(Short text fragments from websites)
┄┄┄┄┄┄┄┄┄┄┄┄┄┄┄┄┄┄┄┄

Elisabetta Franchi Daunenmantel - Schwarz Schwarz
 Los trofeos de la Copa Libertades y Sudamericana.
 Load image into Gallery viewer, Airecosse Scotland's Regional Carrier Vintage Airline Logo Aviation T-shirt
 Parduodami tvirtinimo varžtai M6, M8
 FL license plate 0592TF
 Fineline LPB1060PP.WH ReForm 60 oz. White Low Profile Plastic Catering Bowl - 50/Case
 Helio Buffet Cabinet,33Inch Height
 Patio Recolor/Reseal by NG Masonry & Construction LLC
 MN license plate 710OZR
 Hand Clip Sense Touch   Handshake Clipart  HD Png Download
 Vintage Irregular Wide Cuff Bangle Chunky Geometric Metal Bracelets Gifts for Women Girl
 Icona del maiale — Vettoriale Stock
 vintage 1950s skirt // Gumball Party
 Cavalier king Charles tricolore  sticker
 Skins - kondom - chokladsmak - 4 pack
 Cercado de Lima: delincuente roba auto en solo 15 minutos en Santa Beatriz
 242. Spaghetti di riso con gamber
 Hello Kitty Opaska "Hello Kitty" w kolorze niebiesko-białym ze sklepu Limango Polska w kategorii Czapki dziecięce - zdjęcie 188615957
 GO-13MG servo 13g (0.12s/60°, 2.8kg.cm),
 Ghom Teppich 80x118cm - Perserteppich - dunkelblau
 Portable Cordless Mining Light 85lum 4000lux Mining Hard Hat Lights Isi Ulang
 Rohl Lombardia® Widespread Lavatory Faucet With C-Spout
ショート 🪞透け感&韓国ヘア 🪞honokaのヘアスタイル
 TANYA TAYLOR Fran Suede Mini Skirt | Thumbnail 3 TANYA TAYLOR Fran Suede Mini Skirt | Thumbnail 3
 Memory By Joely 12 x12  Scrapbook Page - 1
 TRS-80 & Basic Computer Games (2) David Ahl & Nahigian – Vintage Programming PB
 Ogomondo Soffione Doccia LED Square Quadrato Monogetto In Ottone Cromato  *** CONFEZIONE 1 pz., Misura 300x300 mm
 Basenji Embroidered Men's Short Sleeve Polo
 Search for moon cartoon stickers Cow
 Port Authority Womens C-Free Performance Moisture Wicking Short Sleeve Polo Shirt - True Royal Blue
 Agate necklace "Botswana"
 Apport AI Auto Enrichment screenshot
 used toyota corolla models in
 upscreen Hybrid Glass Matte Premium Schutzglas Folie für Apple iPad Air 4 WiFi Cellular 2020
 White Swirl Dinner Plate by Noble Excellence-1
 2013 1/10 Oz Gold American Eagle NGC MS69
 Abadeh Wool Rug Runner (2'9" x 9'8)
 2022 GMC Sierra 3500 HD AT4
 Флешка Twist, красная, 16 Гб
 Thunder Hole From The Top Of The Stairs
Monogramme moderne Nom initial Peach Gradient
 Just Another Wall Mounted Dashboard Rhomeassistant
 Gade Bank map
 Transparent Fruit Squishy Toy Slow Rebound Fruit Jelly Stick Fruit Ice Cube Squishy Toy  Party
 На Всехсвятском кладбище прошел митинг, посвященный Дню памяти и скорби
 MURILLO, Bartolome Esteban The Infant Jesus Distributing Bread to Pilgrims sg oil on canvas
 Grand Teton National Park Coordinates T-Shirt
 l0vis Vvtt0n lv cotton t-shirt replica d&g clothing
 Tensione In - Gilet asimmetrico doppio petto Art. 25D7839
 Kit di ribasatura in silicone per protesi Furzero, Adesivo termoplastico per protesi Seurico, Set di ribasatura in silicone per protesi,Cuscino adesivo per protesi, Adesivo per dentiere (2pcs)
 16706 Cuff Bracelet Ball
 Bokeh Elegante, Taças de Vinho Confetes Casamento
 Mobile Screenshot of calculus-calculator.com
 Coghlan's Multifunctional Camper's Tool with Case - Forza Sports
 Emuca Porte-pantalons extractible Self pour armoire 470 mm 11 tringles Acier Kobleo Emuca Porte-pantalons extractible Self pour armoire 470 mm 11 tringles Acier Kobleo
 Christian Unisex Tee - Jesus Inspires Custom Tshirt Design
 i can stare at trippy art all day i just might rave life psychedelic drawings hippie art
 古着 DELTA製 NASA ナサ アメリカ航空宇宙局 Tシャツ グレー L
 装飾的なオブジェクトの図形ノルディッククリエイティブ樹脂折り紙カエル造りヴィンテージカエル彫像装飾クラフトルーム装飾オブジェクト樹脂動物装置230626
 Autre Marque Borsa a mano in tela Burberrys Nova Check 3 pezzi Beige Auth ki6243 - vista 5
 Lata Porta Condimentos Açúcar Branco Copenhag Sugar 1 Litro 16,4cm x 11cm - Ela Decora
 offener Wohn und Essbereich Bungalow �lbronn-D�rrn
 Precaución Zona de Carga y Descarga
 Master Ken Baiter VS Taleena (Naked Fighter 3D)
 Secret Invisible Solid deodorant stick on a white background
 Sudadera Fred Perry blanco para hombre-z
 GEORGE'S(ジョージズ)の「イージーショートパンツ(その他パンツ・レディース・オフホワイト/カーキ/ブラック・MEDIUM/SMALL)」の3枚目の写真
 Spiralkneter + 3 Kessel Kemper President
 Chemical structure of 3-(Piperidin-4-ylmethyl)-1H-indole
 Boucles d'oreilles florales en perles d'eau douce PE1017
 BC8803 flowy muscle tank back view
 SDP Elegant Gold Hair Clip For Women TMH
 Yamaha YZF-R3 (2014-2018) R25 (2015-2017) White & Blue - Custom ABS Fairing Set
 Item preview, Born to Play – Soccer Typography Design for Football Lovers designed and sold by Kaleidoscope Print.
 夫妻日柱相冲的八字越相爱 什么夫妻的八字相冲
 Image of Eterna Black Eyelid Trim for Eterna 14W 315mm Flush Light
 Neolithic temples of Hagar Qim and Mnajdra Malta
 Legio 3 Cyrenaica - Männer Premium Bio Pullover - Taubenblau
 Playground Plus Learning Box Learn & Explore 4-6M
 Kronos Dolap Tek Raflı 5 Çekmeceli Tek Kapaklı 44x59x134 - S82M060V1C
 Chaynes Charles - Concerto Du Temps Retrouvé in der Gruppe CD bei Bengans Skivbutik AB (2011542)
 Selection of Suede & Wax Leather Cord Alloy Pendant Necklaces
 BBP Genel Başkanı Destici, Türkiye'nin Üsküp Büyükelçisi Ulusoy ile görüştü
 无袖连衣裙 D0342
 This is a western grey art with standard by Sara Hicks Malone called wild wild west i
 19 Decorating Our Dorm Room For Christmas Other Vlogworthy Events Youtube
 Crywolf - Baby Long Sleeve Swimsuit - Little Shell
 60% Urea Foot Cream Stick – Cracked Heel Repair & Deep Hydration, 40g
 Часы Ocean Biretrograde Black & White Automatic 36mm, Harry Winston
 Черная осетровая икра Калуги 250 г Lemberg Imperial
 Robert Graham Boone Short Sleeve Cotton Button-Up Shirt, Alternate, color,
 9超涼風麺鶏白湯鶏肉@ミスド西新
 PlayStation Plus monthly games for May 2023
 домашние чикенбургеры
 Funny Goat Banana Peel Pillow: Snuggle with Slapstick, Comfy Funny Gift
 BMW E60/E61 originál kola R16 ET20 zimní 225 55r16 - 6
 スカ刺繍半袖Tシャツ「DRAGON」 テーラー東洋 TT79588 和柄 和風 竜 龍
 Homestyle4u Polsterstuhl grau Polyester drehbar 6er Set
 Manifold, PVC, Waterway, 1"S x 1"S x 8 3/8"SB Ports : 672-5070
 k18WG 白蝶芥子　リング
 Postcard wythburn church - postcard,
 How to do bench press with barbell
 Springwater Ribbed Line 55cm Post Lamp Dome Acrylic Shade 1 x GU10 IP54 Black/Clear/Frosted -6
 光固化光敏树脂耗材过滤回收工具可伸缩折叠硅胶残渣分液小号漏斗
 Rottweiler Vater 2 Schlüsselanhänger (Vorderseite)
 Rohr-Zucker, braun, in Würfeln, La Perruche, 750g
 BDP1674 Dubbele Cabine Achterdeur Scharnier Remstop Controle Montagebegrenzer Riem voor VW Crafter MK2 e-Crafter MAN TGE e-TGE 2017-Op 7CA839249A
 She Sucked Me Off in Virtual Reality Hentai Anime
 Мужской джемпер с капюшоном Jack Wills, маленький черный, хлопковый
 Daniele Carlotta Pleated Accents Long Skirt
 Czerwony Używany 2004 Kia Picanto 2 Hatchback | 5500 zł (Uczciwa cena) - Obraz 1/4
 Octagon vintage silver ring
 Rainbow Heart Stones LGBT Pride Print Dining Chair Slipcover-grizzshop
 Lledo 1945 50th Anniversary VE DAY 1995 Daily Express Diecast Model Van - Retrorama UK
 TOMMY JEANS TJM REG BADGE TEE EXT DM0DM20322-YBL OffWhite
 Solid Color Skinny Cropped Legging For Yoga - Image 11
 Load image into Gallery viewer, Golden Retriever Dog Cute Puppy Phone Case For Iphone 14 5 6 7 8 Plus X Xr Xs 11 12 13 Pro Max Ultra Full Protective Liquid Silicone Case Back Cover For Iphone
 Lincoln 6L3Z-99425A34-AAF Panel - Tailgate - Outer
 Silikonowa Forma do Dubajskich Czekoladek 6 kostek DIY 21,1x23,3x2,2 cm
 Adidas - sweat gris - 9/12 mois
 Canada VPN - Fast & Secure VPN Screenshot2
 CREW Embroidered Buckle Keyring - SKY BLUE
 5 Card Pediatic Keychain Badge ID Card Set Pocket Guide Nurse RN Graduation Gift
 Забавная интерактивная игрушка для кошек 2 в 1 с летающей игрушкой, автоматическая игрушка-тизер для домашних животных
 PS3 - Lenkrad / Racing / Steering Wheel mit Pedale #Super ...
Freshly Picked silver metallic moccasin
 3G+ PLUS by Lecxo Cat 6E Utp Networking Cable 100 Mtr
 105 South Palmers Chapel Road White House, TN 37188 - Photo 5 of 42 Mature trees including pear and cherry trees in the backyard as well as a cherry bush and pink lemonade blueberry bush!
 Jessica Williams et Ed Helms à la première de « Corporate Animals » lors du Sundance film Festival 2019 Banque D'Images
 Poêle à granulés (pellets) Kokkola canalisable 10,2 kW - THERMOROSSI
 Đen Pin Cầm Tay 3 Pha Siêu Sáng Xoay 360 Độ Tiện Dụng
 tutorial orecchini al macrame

┄┄┄┄┄┄┄┄┄┄┄┄┄┄┄┄┄┄┄┄

# Instructions for the task
Using the data above, print exactly the lines from the line that contains "Ogomondo Soffione Doccia" through the line that contains "White Swirl Dinner", with both included.

# Answer space
 Ogomondo Soffione Doccia LED Square Quadrato Monogetto In Ottone Cromato  *** CONFEZIONE 1 pz., Misura 300x300 mm
 Basenji Embroidered Men's Short Sleeve Polo
 Search for moon cartoon stickers Cow
 Port Authority Womens C-Free Performance Moisture Wicking Short Sleeve Polo Shirt - True Royal Blue
 Agate necklace "Botswana"
 Apport AI Auto Enrichment screenshot
 used toyota corolla models in
 upscreen Hybrid Glass Matte Premium Schutzglas Folie für Apple iPad Air 4 WiFi Cellular 2020
 White Swirl Dinner Plate by Noble Excellence-1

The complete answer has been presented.